According to a UBC professor, hugging dogs may only be pleasant for humans.
This started when Stanley Coren, Professor Emeritus of Psychology at UBC and longtime canine researcher, brought his dogs to a “Doggy De-stress Day” at BCIT. While there is no lack of research demonstrating the positive and calming effects of interacting with pets for humans and overworked students, Coren noticed that his dogs were not always enjoying the interaction. Observing one of his dogs exhibit signs of stress upon being hugged, Coren set out to investigate the relationship between hugging dogs and canine stress levels.
“The signs of stress are very visible in dogs. They involve the ears being slicked down, the dog turning away from the site of the stressor, breaking off eye contact [and] yawning,” said Coren. “I thought to myself, 'Well, you know, if I had a big stack of pictures of people hugging their dogs it would be very easy to determine whether or not the dogs were showing stress signs.'”
At this point, Google came to the rescue. From an analysis of 250 photographs randomly selected from internet searches, Coren found that in about four out of five instances (81.6 per cent of photos), the dog being hugged exhibited at least one stress sign. To keep the data reliable, Coren omitted photographs where the dog’s face could not clearly be seen or another possible source of stress, such as being hugged and lifted in the air, was apparent.
“If you do [an internet search], you will find that there are a lot of happy people hugging very unhappy dogs,” said Coren.
According to Coren, the evolutionary basis of this behaviour may be due to dogs being a cursorial species, meaning that they are adapted for swift movements. In response to any threat, their first instinct is to run.
“What we're doing when we're hugging a dog is we're building a corral with our arms, which prevents the dog from running away,” said Coren. “So at some very basic evolutionary level, the dog feels trapped and it's beginning to show stress for that reason.”

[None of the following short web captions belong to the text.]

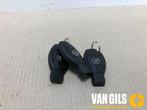 Sleutel Mercedes Vito O251446, Nieuw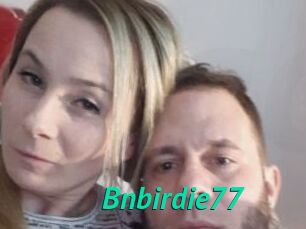 Bnbirdie77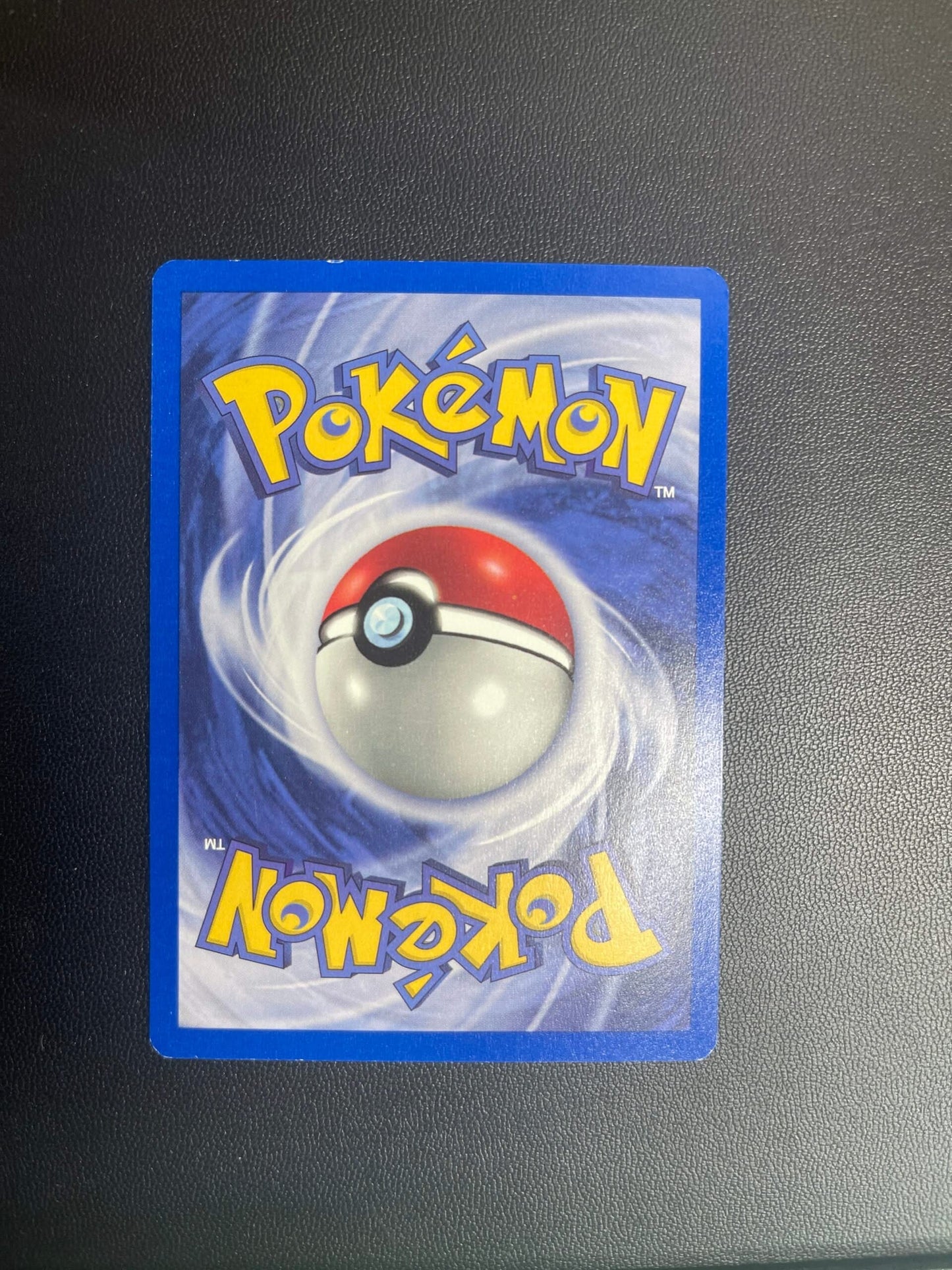 15/62 Zapdos Holo Prima Edizione Near Mint | Set Fossil (IT)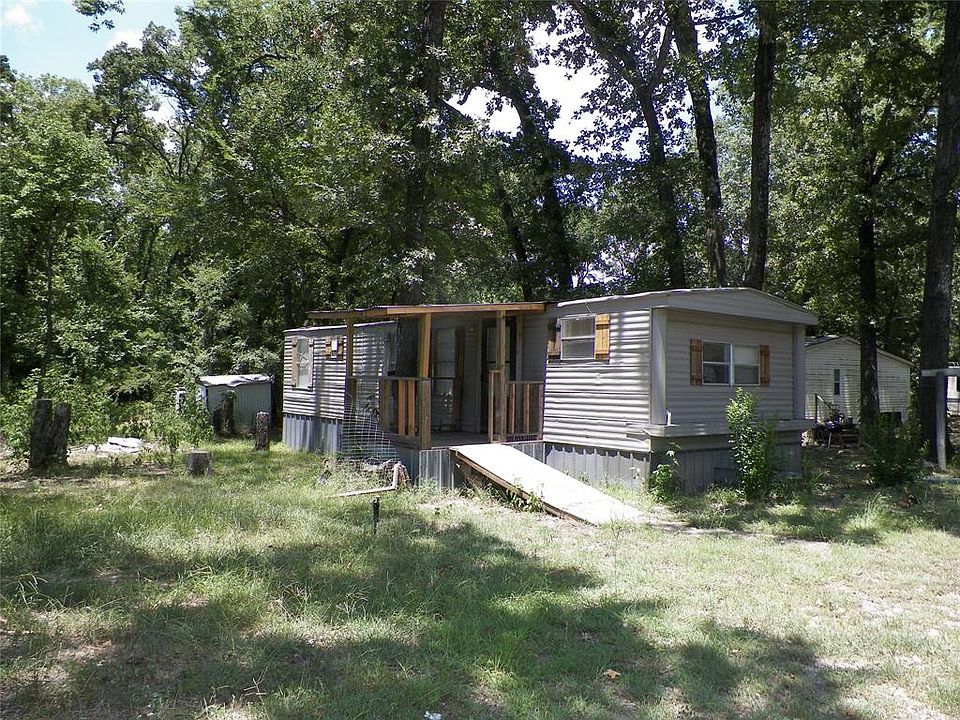 1st image of 1367 Willow Dr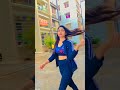 Nain Re Song Pamela Jain OdiaShorts OdiaSong ROYtS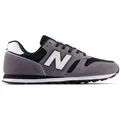 Produktbild: NEW BALANCE Herren Freizeitschuhe 373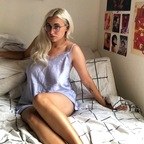 🎀  leigh 🎀 @cosmicxbby Leaked OnlyFans 

 profile picture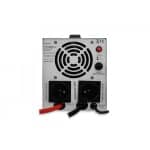 Záložní zdroj VOLT Sinus Pro 350W 12/230V 500 E - Obrázek 4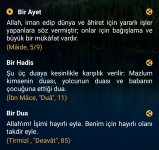 Screenshot_2024-10-28-00-13-05-028_tr.gov.diyanet.namazvaktim-edit.jpg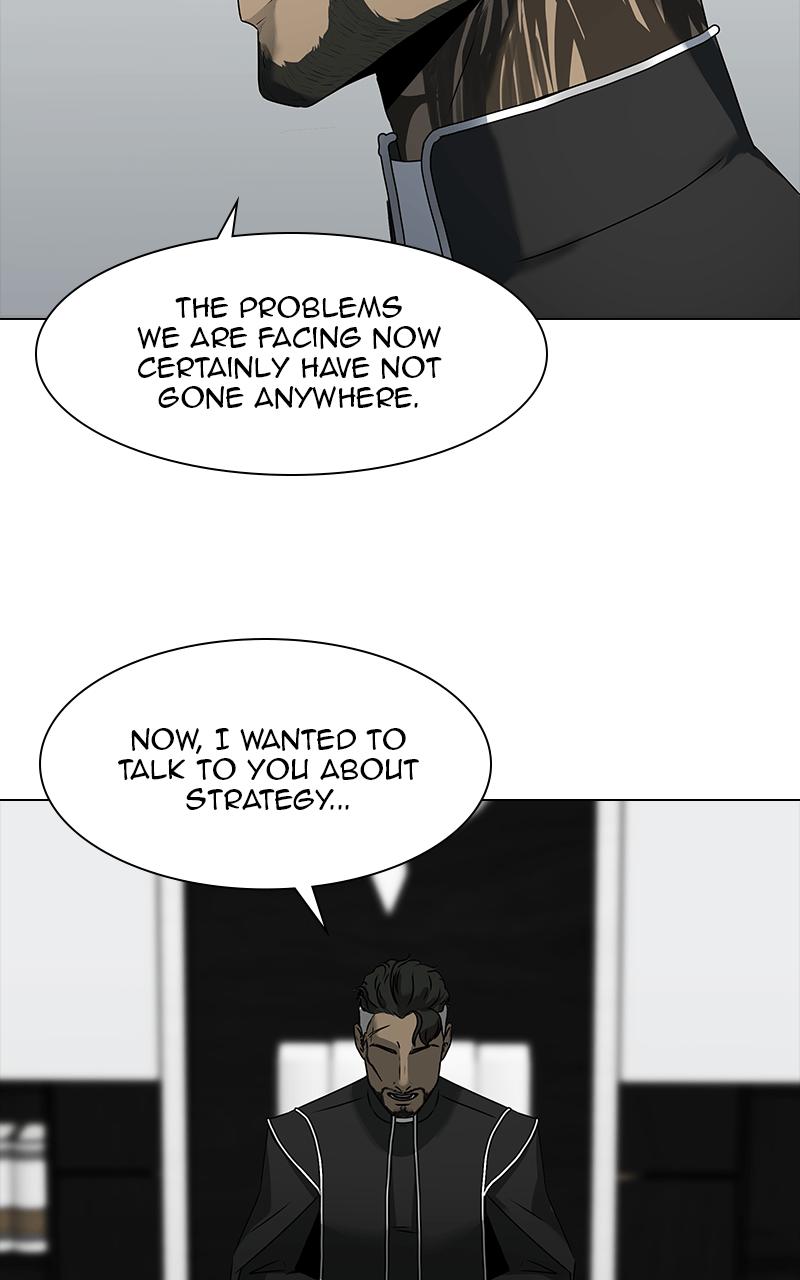 Covenant Chapter 11 - page 86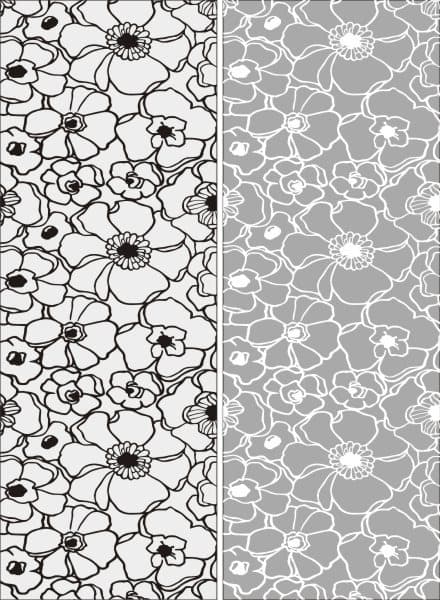 <span  class="uc_style_uc_tiles_grid_image_elementor_uc_items_attribute_title" style="color:#ffffff;">Рисунок-9457</span>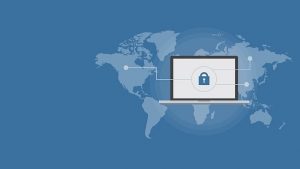 Export Control, ITAR and the role of ShareAspace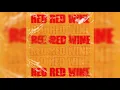 Download Lagu UB40 - Red Red Wine (GRATIFY Edit)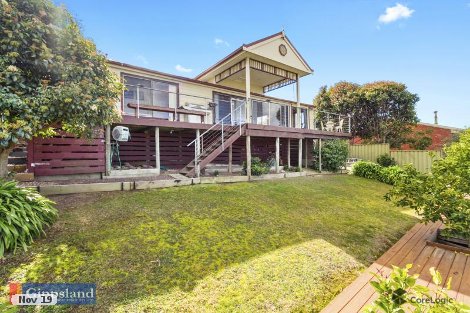 20 Katrina Cres, Glenmaggie, VIC 3858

Since publishing his original article in Psychology Today last week, Coren has received a multitude of emails and a response from a University of Colorado professor objecting that not all dogs are averse to hugs. While conceding that there are dogs who may tolerate hugs, including those in 7.6 per cent of the photographs he analyzed, Coren argues that the majority of dogs likely do not.
“The dog doesn't know you're hugging them as an affectionate thing; they only know they're being restrained,” said Coren. “So for you, it's an expression of affection, but for the dog, it's something quite different.”
Rather than hugging your dog, Coren suggests non-restraining alternatives such as patting them, tousling their ears, or speaking in an affectionate sing-song voice.
“Ultimately, every dog in the world would trade all of your hugs for a couple of treats,” said Coren.